* **DESCRIPTION OF THE TASK**
Copy, word for word, the lines below from the one containing "EBC 09-10 Pontiac" up to and including the one containing "Chumhey 1-6T Kids", with pictures left out.

----- AVAILABLE DATA -----

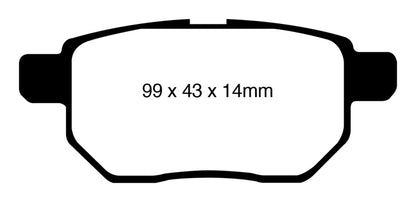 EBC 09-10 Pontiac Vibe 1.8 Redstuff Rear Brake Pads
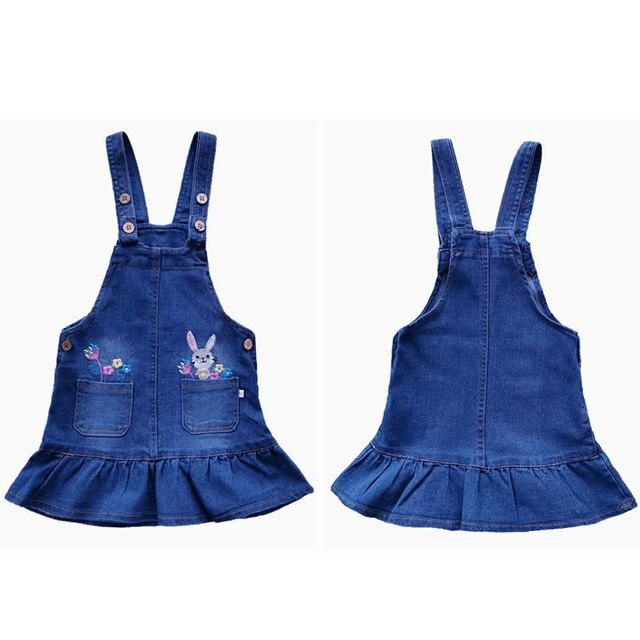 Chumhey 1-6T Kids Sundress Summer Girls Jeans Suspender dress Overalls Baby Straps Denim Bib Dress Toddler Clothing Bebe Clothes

-----
----- AVAILABLE DATA -----

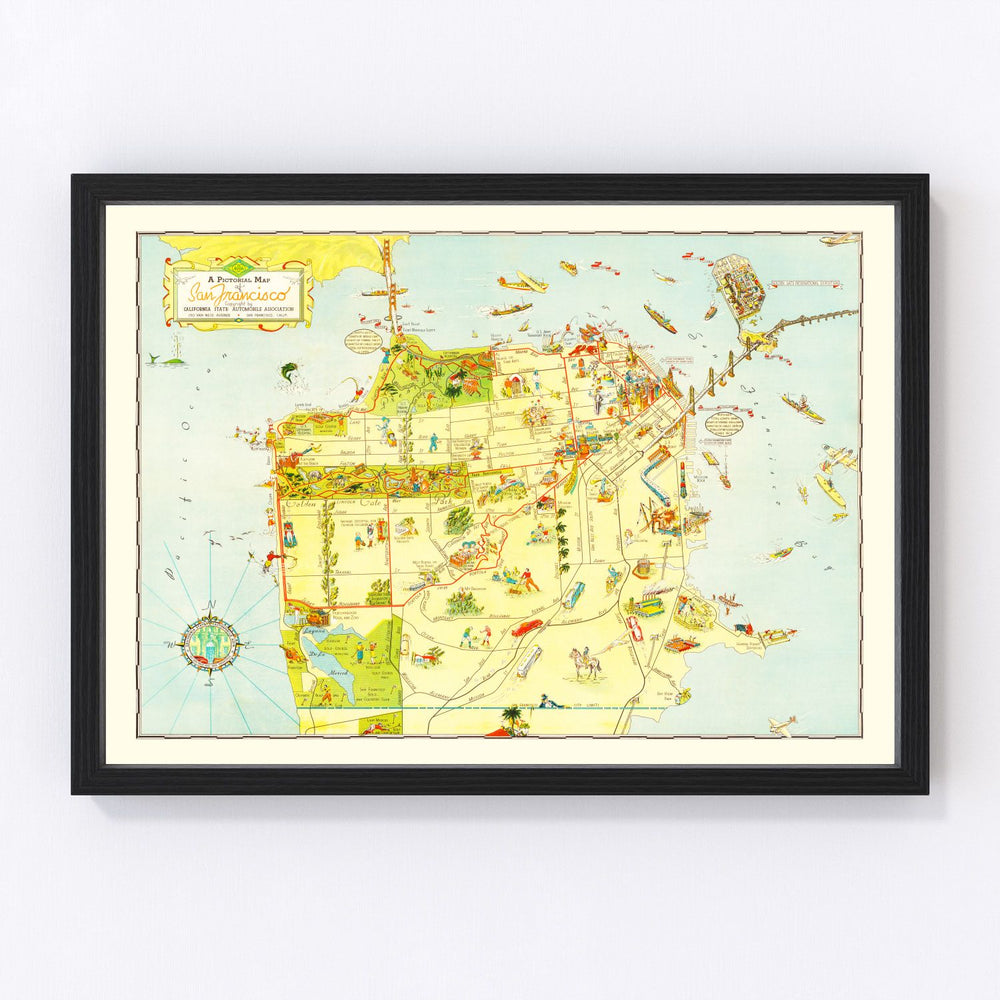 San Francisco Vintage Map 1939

-----

* **TASK ANSWER**
 EBC 09-10 Pontiac Vibe 1.8 Redstuff Rear Brake Pads
 Chumhey 1-6T Kids Sundress Summer Girls Jeans Suspender dress Overalls Baby Straps Denim Bib Dress Toddler Clothing Bebe Clothes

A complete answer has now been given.